This beautiful man (seriously, he was a looker!) has been such a positive influence in my life. Things were never awkward between us as I transitioned from child to teen to adult. He wasn’t just my Grandpa, he was everyone’s Grandpa; friends from school and church knew him as Grandpa and knew they could trust him with anything. His laughter, patience and indulgence in childhood wishes are an example of parenthood and grand-parenthood that anyone can look up to.

I need to write to help get my tears flowing – this whole downhill slide has prepared me for this, but it still hurts my heart – but I’m finding I don’t have the sufficient words at the moment to truly express how this man’s life has made such an impression on me and how big the hole is in my heart.

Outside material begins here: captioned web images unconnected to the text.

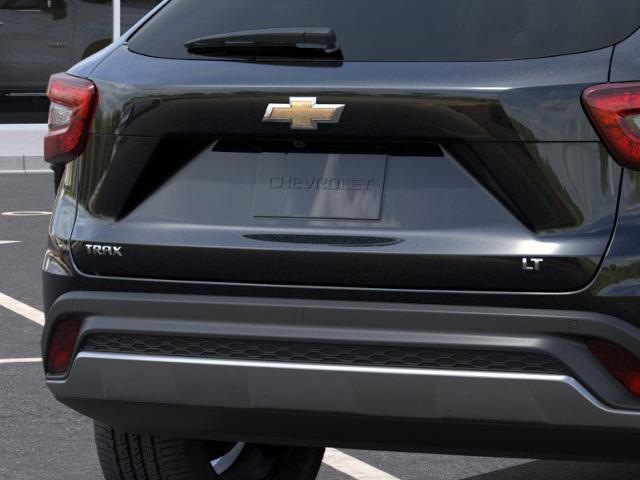 2025 Chevrolet Trax Vehicle Photo in Roslyn, NY 11576
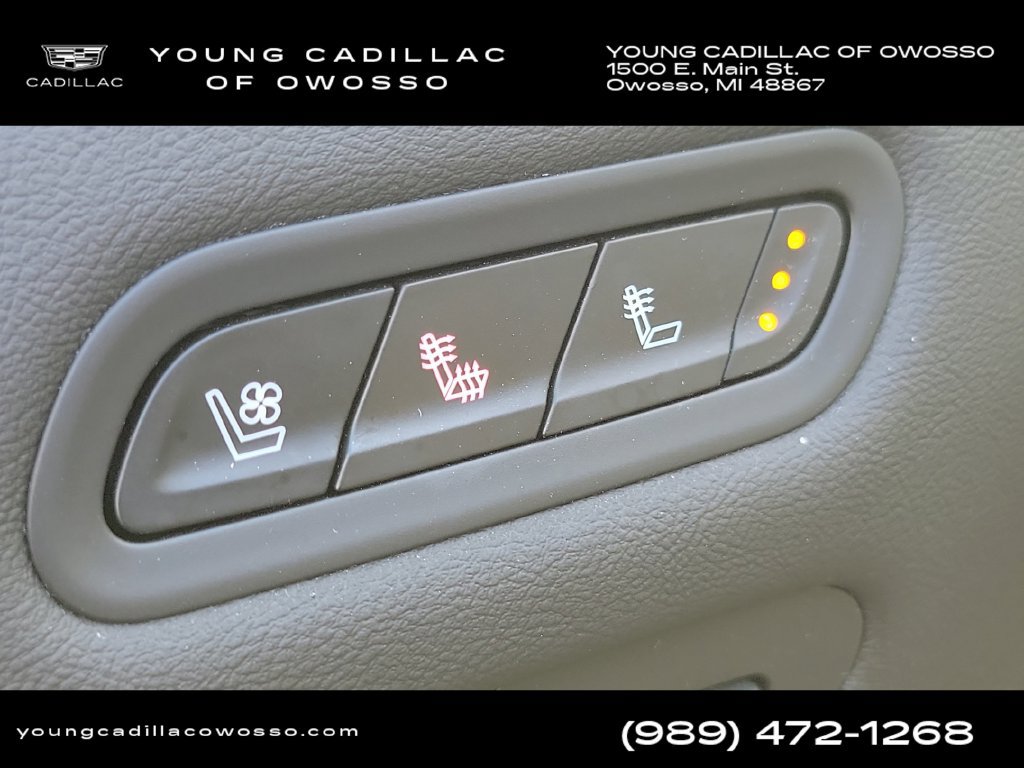 Used 2023 Cadillac Escalade Premium Luxury w/ LPO, Illumination Package AWD/4WD image 23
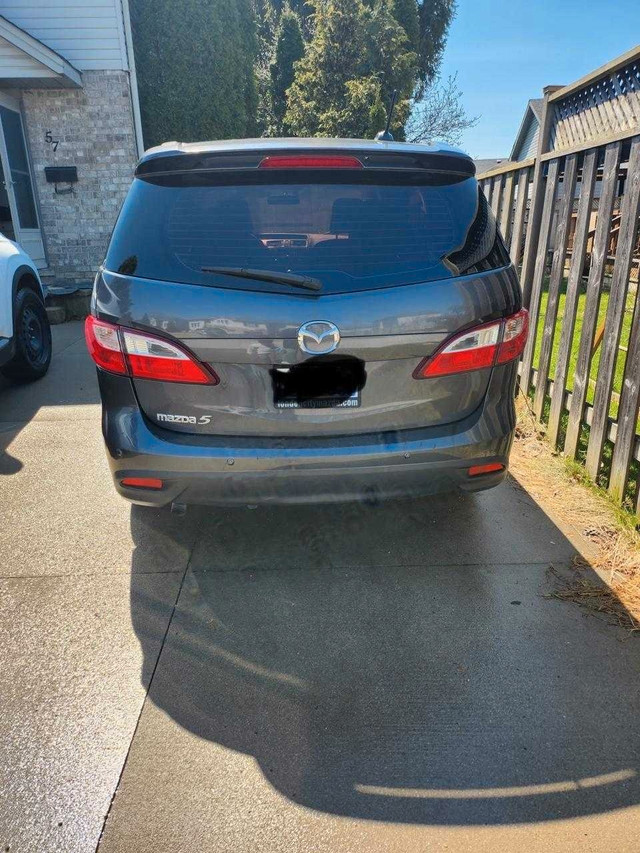 2017 Mazda 5 – One Owner – Great Family Car – Excellent Deal in Cars & Trucks in London - Image 2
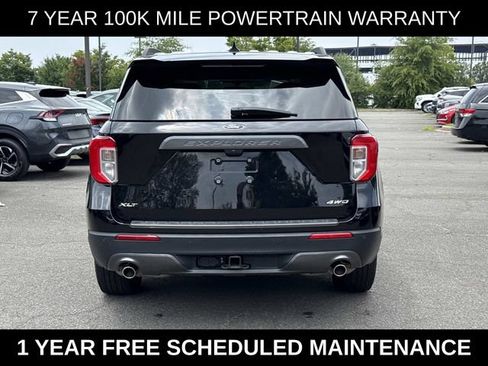Used 2023 Ford Explorer XLT w/ Equipment Group 202A AWD/4WD image 3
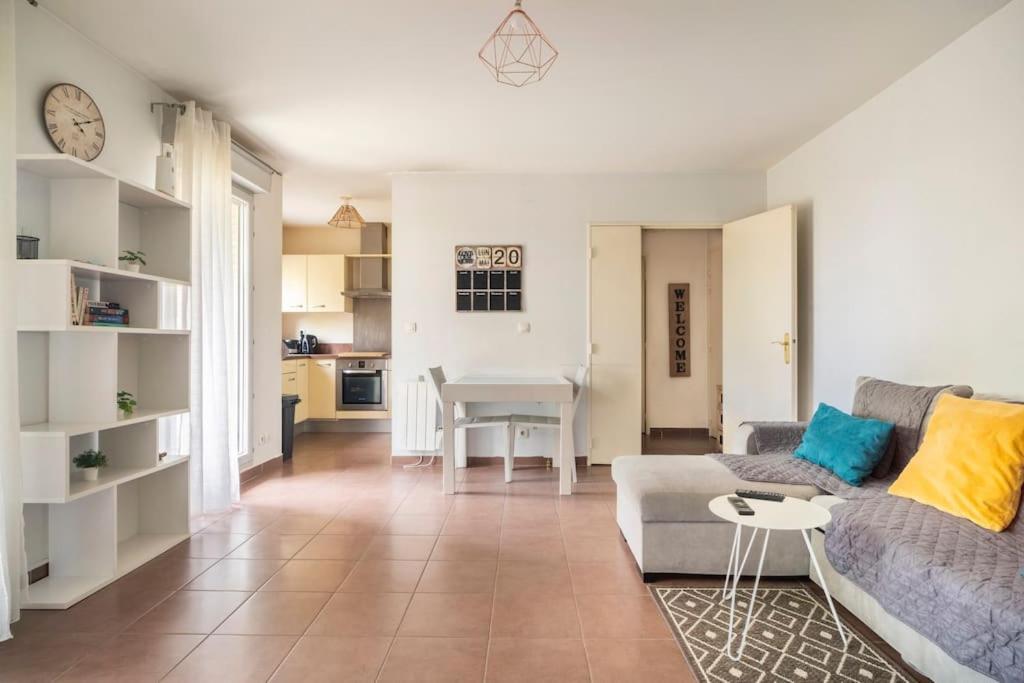 Appartement Avec Jardin Et Terrasse Pres De Paris Mantes-la-Jolie Exterior foto
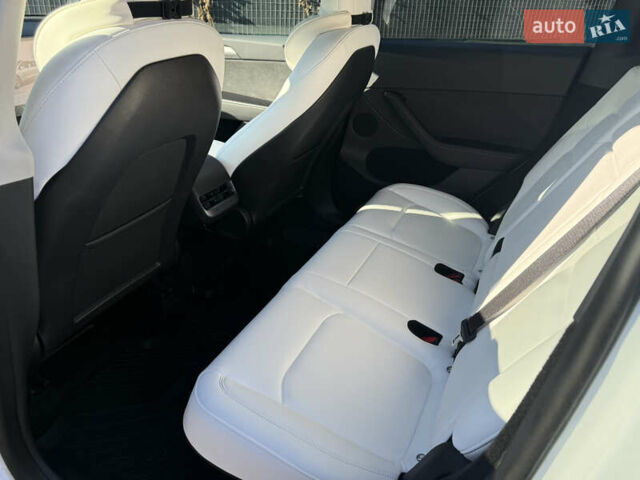 Білий Тесла Model Y, об'ємом двигуна 0 л та пробігом 45 тис. км за 27500 $, фото 6 на Automoto.ua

At least not in coherent sentences. But I do have individual words and phrases.

 

Yahtzee

Leverite (Leave ‘er right there)

Just for the halibut

Praline ice cream

Victor Borge

Bus driver

Handkerchief

Smiles

Hugs

Butt pats

Boysenberry syrup

Body surfing

Nose rings

Deacon

Rock hound

Uno

Green dealer’s visor

Snapdragons

Strawberries

Instant coffee

Rainbow trout

Roses

Orchids

Wheel of Fortune

Upwords

Harmonica

 

And there was always room for you in his lap in his recliner, no matter how big you were.

 

I love you Grandpa.

 

Not the best picture of my Grandpa, but the one I could find really fast and that stuck in my mind.

Grandpa and Em, 2004

Grandpa and Em, Easter 2007

(If any of you have any other words that describe Grandpa, please feel free to share them in comments below.)

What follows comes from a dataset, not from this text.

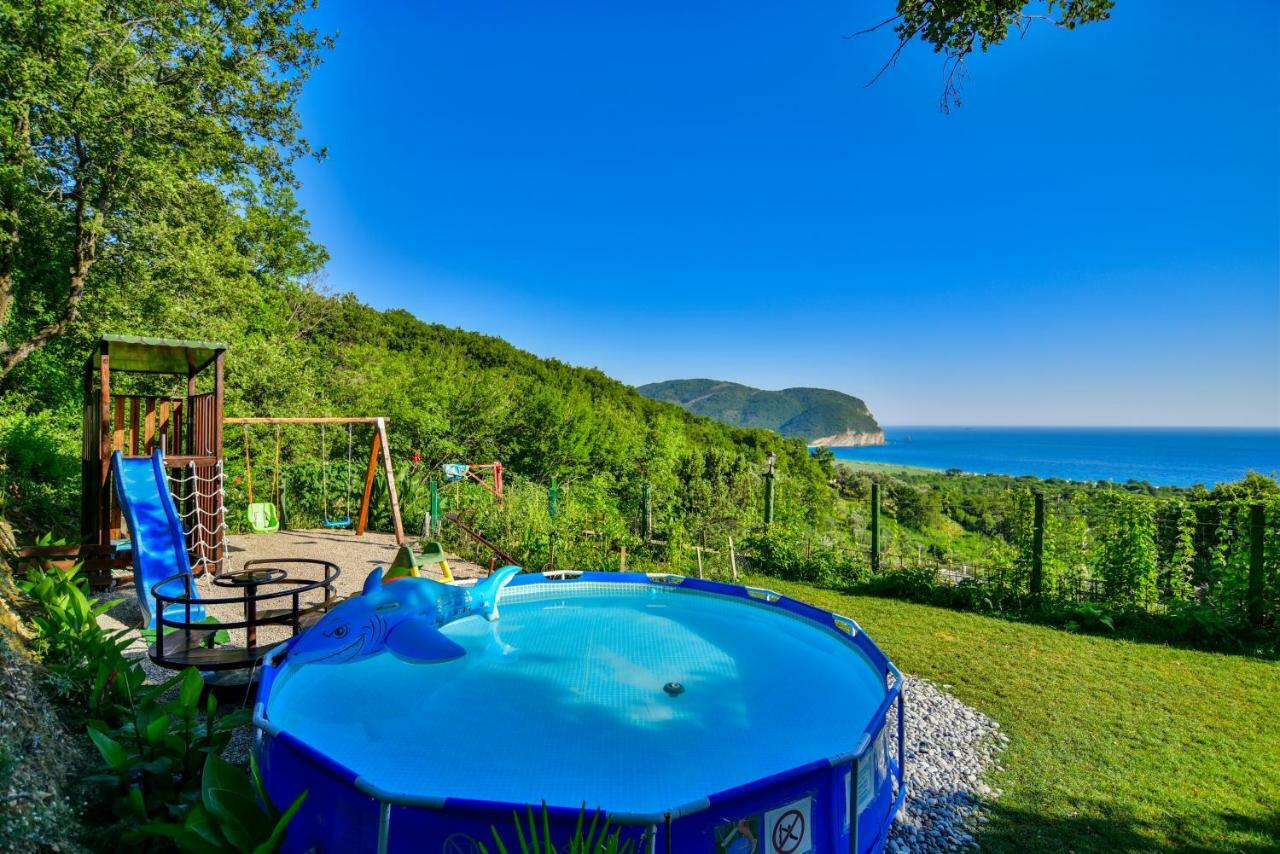Pataki Guesthouse Petrovac Exterior photo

7 thoughts on “Heartbreak – Part 1

  1. Carla

    Michelle and Em – Love and hugs to you all – those wonderful memories will keep you going. Your grandpa was our neighbor for over 50 years so we have a lot of wonderful memories, too, as do our children.

    Reply
  2. Barbara

    sharer and repairer.

    I remember him fixing something for me. I don’t even remember what or when but that he did.
    You and all of your family are in my thoughts and prayers. Let me know if there is anything I can do for any of you.
    love and hugs.

    Reply
  3. Lin

    I’m so sorry for your loss sweets. I know all too well how difficult it is to lose a grandparent you were so close with. It sucks & it hurts but it will get easier with time.

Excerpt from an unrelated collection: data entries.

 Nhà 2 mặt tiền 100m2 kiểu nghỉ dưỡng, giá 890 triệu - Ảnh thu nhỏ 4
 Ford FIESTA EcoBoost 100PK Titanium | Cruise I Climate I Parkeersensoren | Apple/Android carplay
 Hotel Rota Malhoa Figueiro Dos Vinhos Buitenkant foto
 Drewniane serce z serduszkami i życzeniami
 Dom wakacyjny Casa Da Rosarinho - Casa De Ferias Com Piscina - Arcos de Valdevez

    Just know he’ll always be with you, in your heart & as a guardian angel.
    Lin recently posted..Ten On Tuesday

    Reply
  4. Sister

    I know exactly what you mean about preparing yourself. I felt rather stupid for crying when we lost him to Alzheimer’s so long ago. And yet, I couldn’t stop. A few more words I feel I need to say:
    Wax paper on slides
    Bolo ties
    UNO
    Skipbo
    Grocery bag handles
    Handmade scooter
    Roller skates

    Love
    Laughter
    Smiles (he certainly had a killer smile)
    Humor
    Hugs

    I love you Sister. I love you so much. And a part of me hates myself for being so far away when all I really want is to be with you and hug you and cry with you. We will get through this together. I love you.

    Reply
  5. Becky

    Stone/gem lover
    Jewelry maker
    Grandpa

    And you, yourself mentioned more – laughter, patience, indulgence.
    I was a lucky one who got to know and claim him as grandpa. He was a wonderful man! I’m so sorry for the family’s loss. My heart hurts with yours. I wish i were there to give you a big hug. Love you!

    Reply
  6. Mom

    Tears.

    That’s my word.

    You caused mine to start flowing. And Grandpa cried every time he was happy. He cried most often when you or your sister were performing. He was so proud of you – of his whole family. He was an honorable man and a most beloved husband, father, grandfather and great-grandfather.

    Thank you for your beautiful words.

    Reply
  7. Kimberly

    I am so sorry my dear. It is so hard to lose loved ones that have helped us become who we are. Many hugs, much love and my condolences.